ST. LOUIS – Scammers have a new tool in their arsenal: Artificial intelligence. On July 11, the U.S. Senate had its first classified briefing on AI and how the technology could be applied to national security.

“Elected representatives in 2023 cannot afford to be in the dark about how AI works and how it’s going to reshape our world,” said Senate Majority Leader Chuck Schumer.

Two days later, the Federal Communications Commission held a workshop on the challenges AI brings to vital consumer issues like robocalls. One of the experts at the FCC event was Greg Bohl, Chief Data Officer for Transaction Network Services. TNS analyzes more than 1.3 billion calls daily to uncover robocall trends and tactics. FOX 2 spoke with Bohl about how cybercriminals are using AI-cloned voices to scam loved ones out of money.

“They’ll take a recording, possibly off your voicemail, and make it sound like this relative of yours,” Bohl said. “They’ll say, ‘Help me, or they’ll be crying, or something like that.”

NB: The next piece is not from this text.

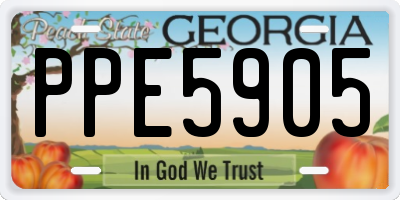 GA license plate PPE5905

He said these scams are likely occurring every day in the St. Louis area. In June, 22 million spam calls were identified in Missouri. Six million of those calls targeted the 314 area code. Bohl said there are easy steps you can take to prevent your family from becoming victims.

“A safe word if your family knows that or some detail that only your family knows; therefore, the scammer won’t know how to respond to that,” Bohl said.

Bohl claims that the way telecom providers, regulators, and policymakers are working together to take more aggressive action is encouraging as AI scam tactics evolve. Just last week, the Federal Trade Commission and 101 other U.S. and state law enforcement authorities announced “Operation Stop Scam Calls,” a nationwide crackdown on illegal and unwanted robocalls and telemarketing calls.

“There’s a lot of activities essentially from top down all the way through the carriers to make sure that the consumer has a better experience with their phone calls and is being protected,” Bohl said.

A real-life effort to stop deep fake crime.